Exercise requirements >> An exact copy is needed of the lines in the entries below from the line with "Obraz premium Detailed" up to and including the line with "1 Carat IGI", and of nothing else. Leave the pictures out.

Data listing >>
^^^^

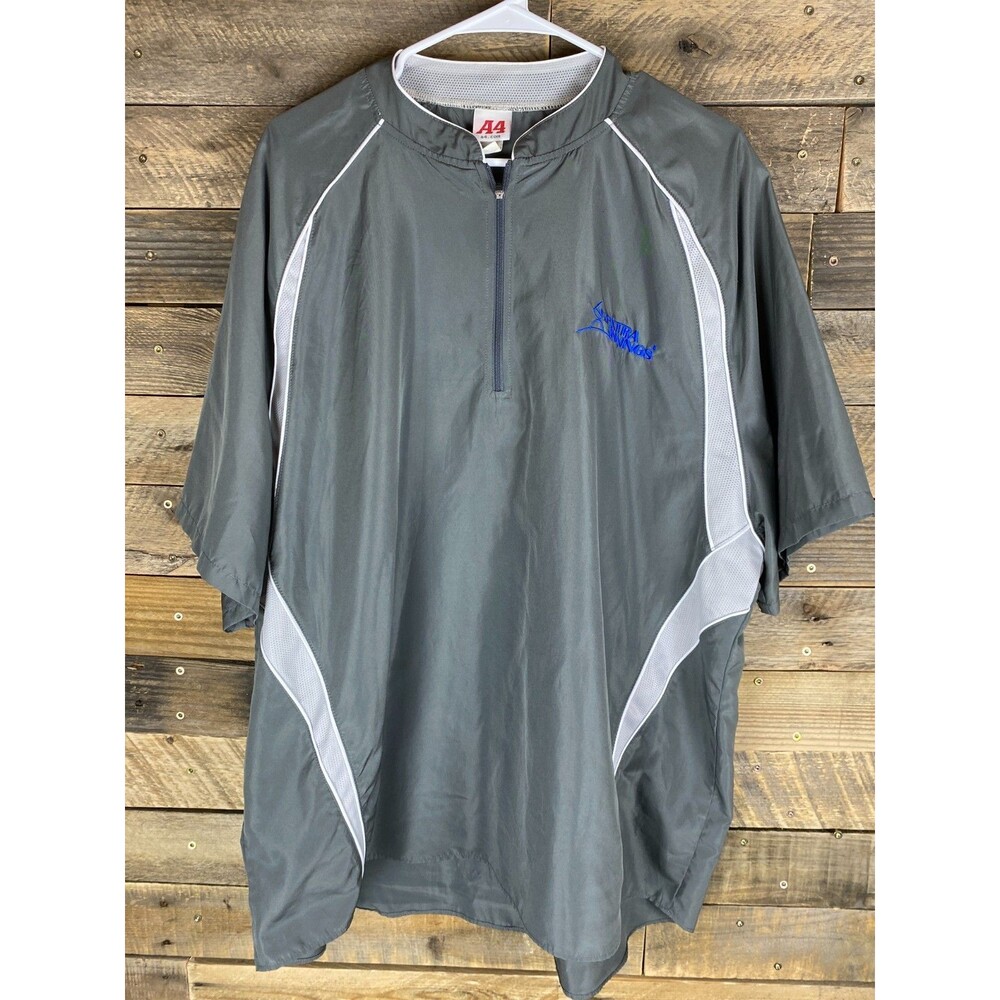 A4 Mens Sz XL Extra Innings 1/4 Zip Gray/Whte Short Sleeve Batting Jacket N4241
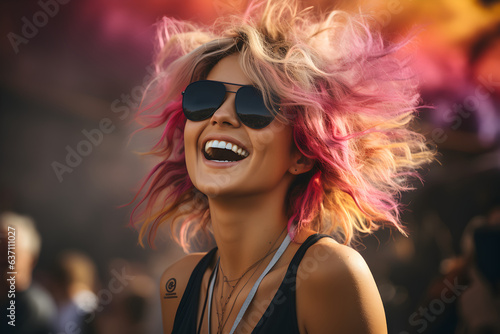 Portrait of a young woman having fun at a summer music festival concert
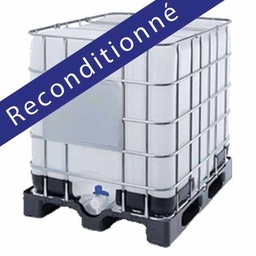 [CUVE-PE-AER-1000B-RE §] ​​CONTENEUR CUBI PLASTIQUE 1 000L RECONDITIONNE BLANC / PALETTE PLASTIQUE OU ACIER AVEC VANNE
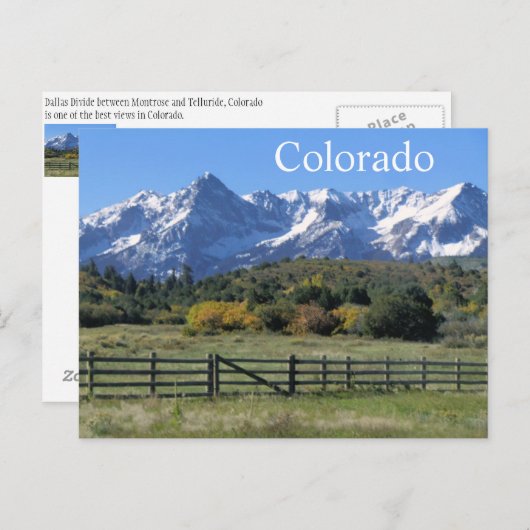 Rugged Snowy Autumn Colorado Postcard Postkarte (Vorne/Hinten)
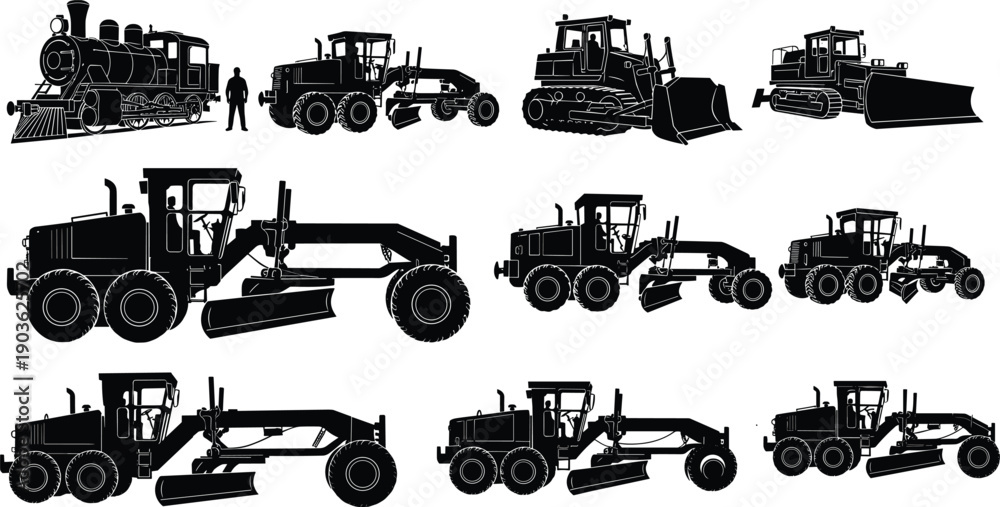 Obraz premium Detailed black silhouette collection of heavy construction machinery including motor graders bulldozers and vintage steam locomotive engine for industrial design projects.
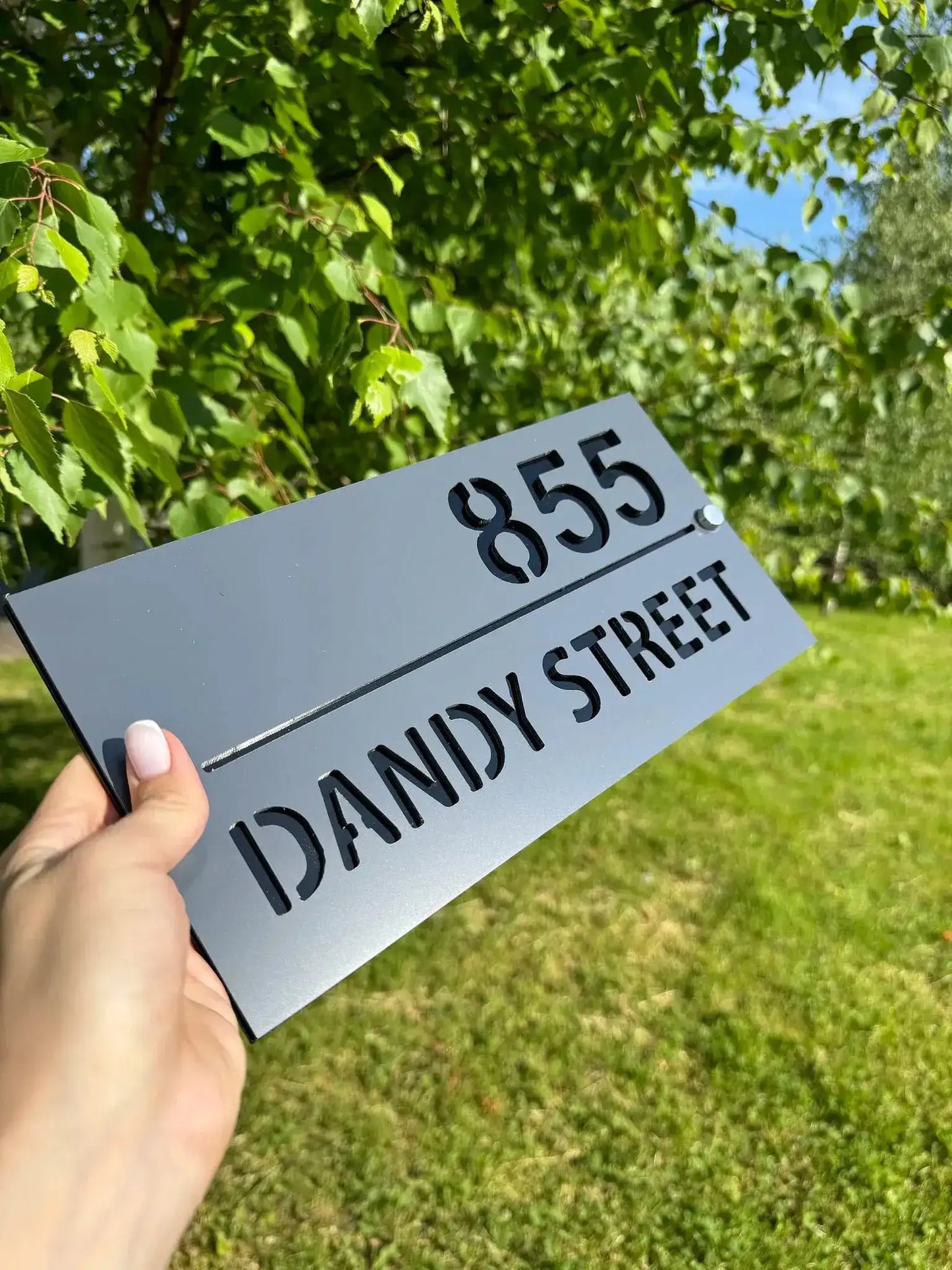 Personalised Stainless Steel Address Sign.
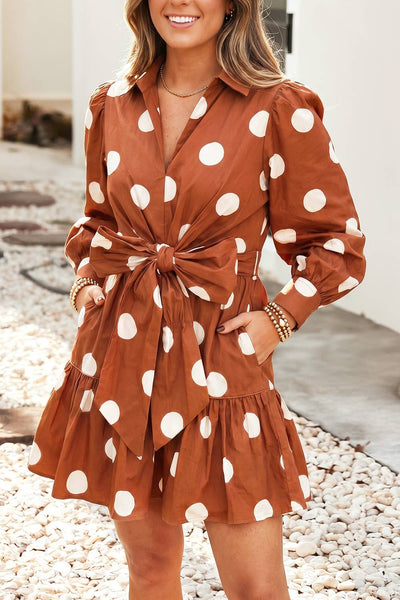 LDC Polka Dot Long Sleeve Tie Waist Casual Shift Mini Dress: Brown / L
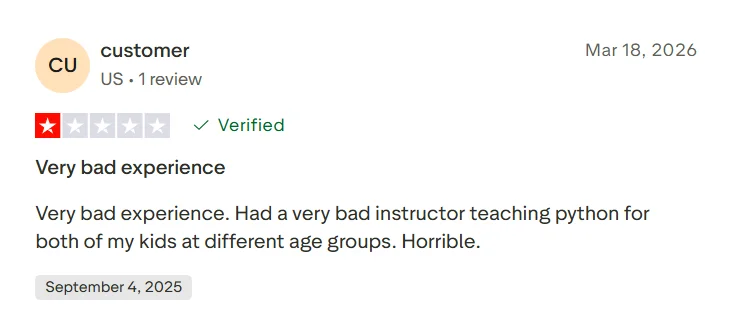 Negative Outschool review describing a bad experience with a beginner Python class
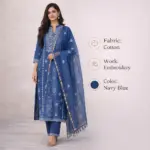 Chanderi suit with cutdana embellishment navy blue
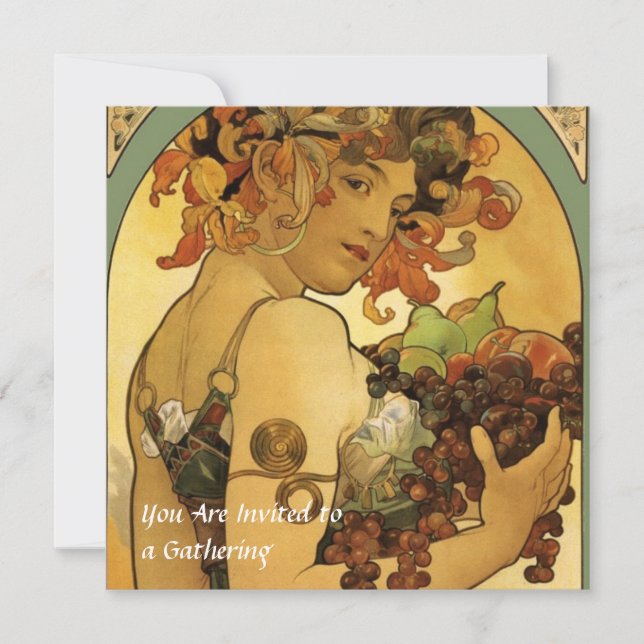 Invitación Pintura de fruta de Alphonse Mucha (Anverso)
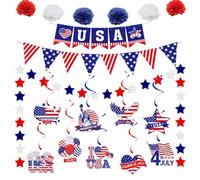 DWEARTY 4th of July Patriotic Banner with Red White Blue Stars Garland, 9 Independence Day Hanging Swirls, and 6 Paper Honeycomb - Fourth of July Banner for Party, Office, Home, and Indoor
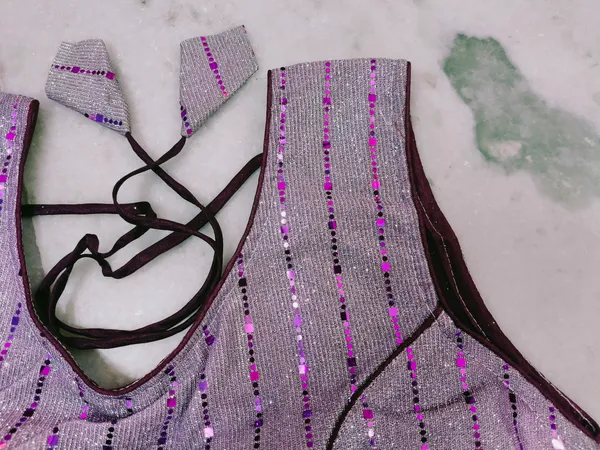 Purple_Vichitra_Silk_Sequin_Sleeveless_Lace-Up_Blouse_For_Women
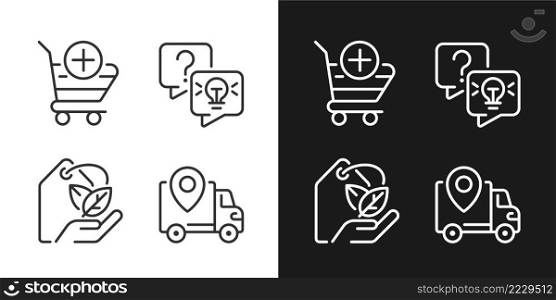 Online shopping services pixel perfect linear icons set for dark, light mode. Delivery regions. Ecofriendly product. Thin line symbols for night, day theme. Isolated illustrations. Editable stroke. Online shopping services pixel perfect linear icons set for dark, light mode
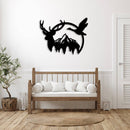 Duck & Deer Mountain Metal Wall Art – Hunting Wildlife Nature Cabin Decor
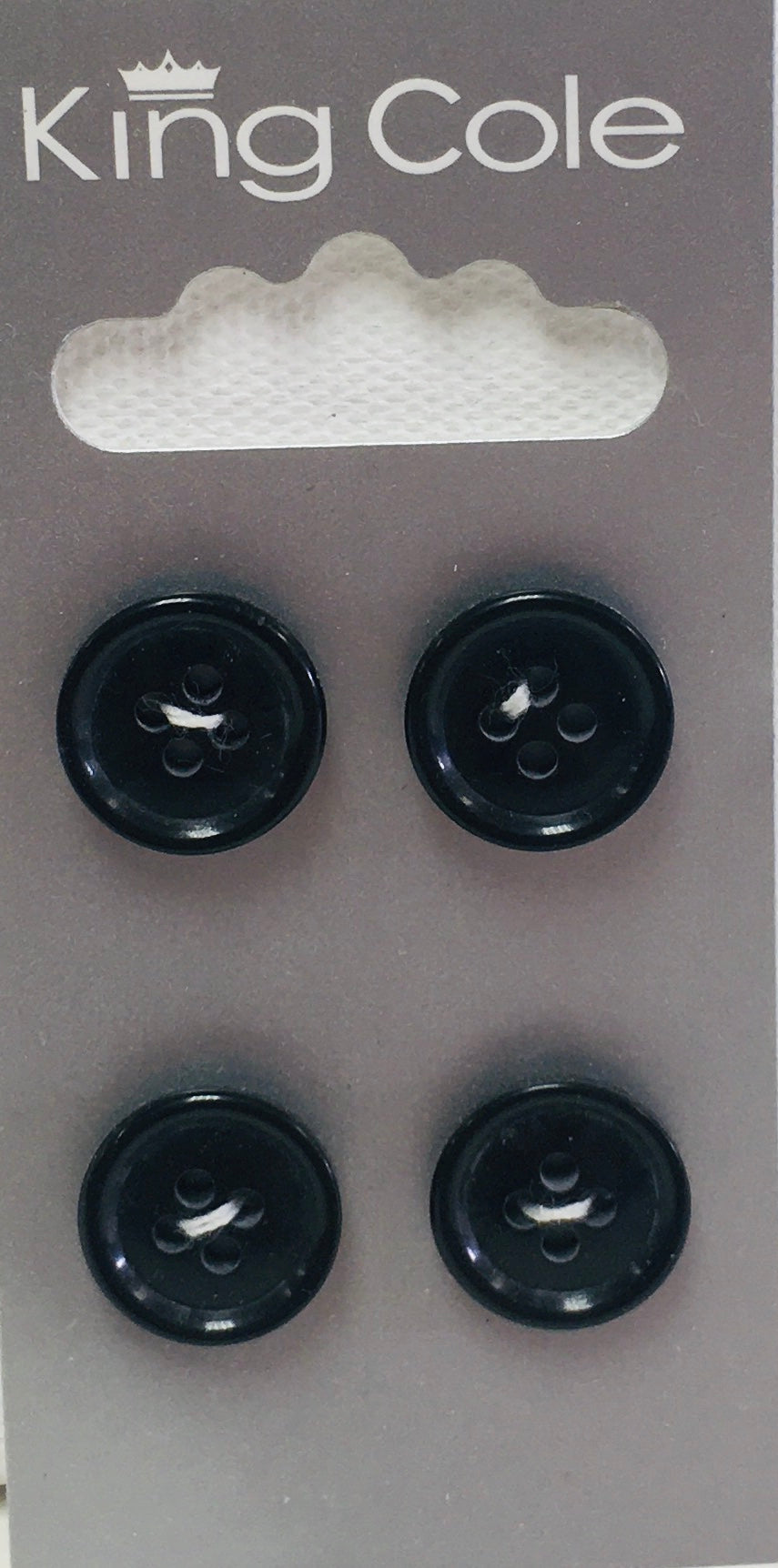 BUT110 Rimmed Round Button Black Small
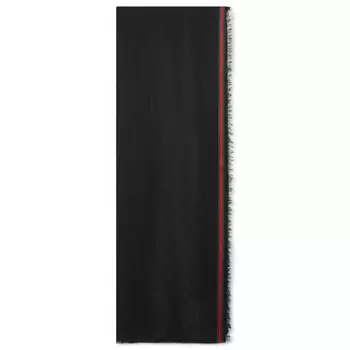Шарф с отделкой жаккардовой лентой Gg Gucci, черный
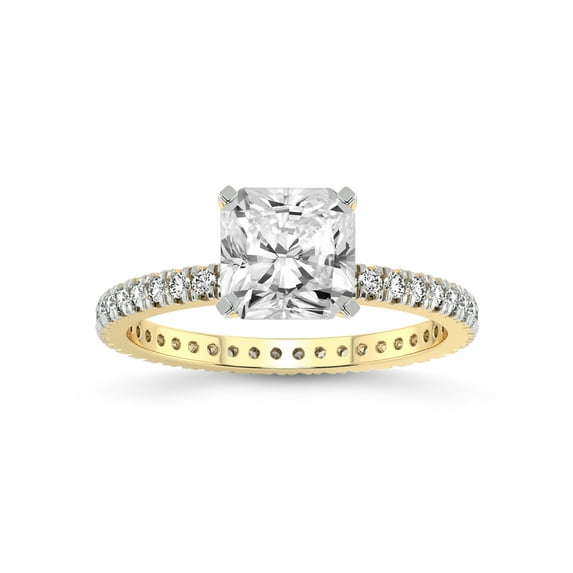 1 Carat IGI Certified Radiant Shape Lab Grown Diamond Engagement Ring | 14K Yellow Gold | Claire Full Eternity Lab Diamond Ring | FG-VS1-VS2 Quality Friendly Diamonds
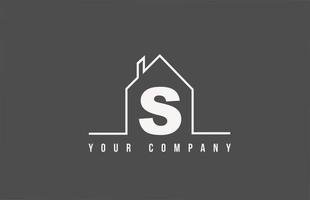 s Alphabet Buchstabensymbol Logo eines Hauses. Immobilienhausdesign für Firmen- und Geschäftsidentität mit Linie vektor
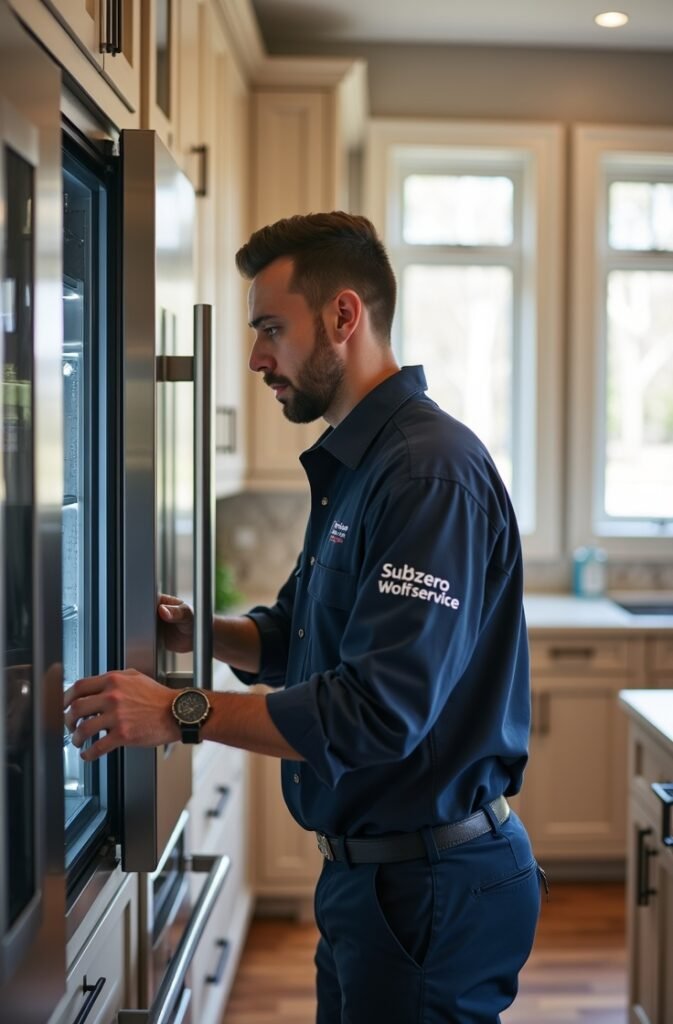 flux dev a skilled home appliance technician wearing a modern 1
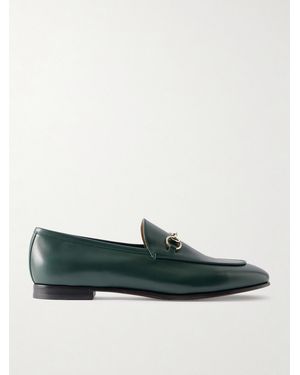 Gucci Jordaan Horsebit-Detailed Leather Loafers - Green
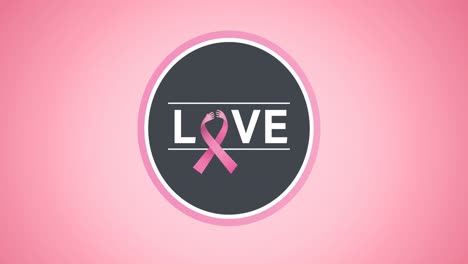 animation of pink ribbon logo and love text appearing on pink background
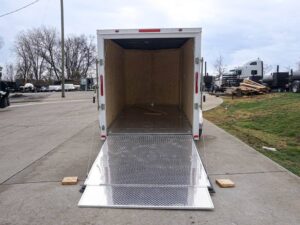 6′ X 12′ White Enclosed V-Nose Trailer with Diamond Plate Floor Storage - Image 17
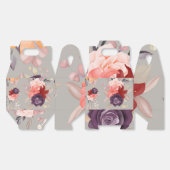 ピンクの赤と紫のバラの花柄 フェイバーボックス (見開き)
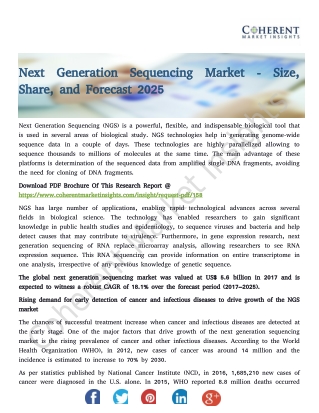 Next Generation Sequencing Market - Size, Share, and Forecast 2025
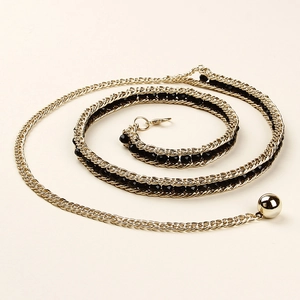 Chaîne de taille dorée élégante avec perles noires et pendentif boule pour femmes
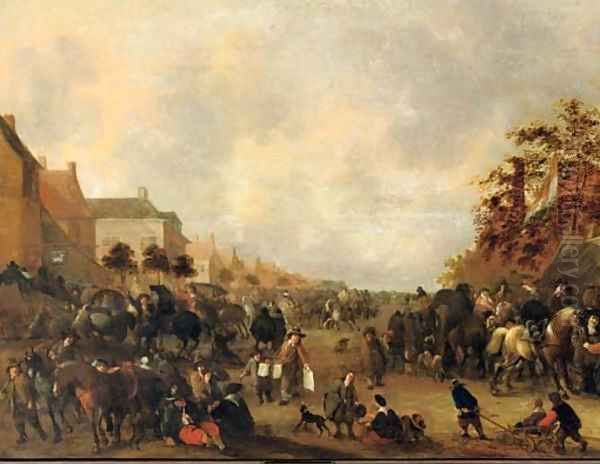 Horsemen, peasants and other figures in a busy village street Oil Painting by Hendrick De Meijer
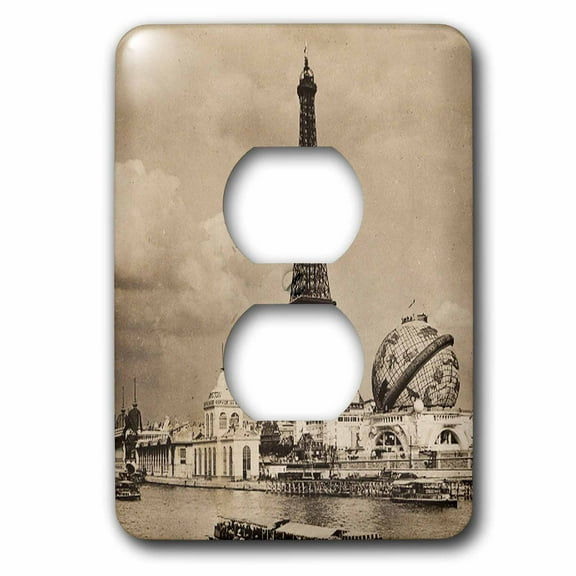 3dRose, Eiffel Tower Paris Exposition from the Seine, 2 plug outlet cover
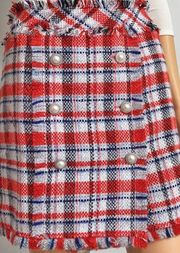 Sans Souci Frayed Tweed Orange, White & Blue Mini Skirt Size L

^^^^

Answer space >>
 Obraz premium Detailed black silhouette collection of heavy construction machinery including motor graders bulldozers and vintage steam locomotive engine for industrial design projects.
 Personalised Stainless Steel Address Sign.
 LDC Polka Dot Long Sleeve Tie Waist Casual Shift Mini Dress: Brown / L
 Negative Outschool review describing a bad experience with a beginner Python class
 Chanderi suit with cutdana embellishment navy blue
 Invitación Pintura de fruta de Alphonse Mucha (Anverso)
 DWEARTY 4th of July Patriotic Banner with Red White Blue Stars Garland, 9 Independence Day Hanging Swirls, and 6 Paper Honeycomb - Fourth of July Banner for Party, Office, Home, and Indoor
 Purple_Vichitra_Silk_Sequin_Sleeveless_Lace-Up_Blouse_For_Women
 Online shopping services pixel perfect linear icons set for dark, light mode. Delivery regions. Ecofriendly product. Thin line symbols for night, day theme. Isolated illustrations. Editable stroke. Online shopping services pixel perfect linear icons set for dark, light mode
 Duck & Deer Mountain Metal Wall Art – Hunting Wildlife Nature Cabin Decor
 BUT110 Rimmed Round Button Black Small
Шарф с отделкой жаккардовой лентой Gg Gucci, черный
 1 Carat IGI Certified Radiant Shape Lab Grown Diamond Engagement Ring | 14K Yellow Gold | Claire Full Eternity Lab Diamond Ring | FG-VS1-VS2 Quality Friendly Diamonds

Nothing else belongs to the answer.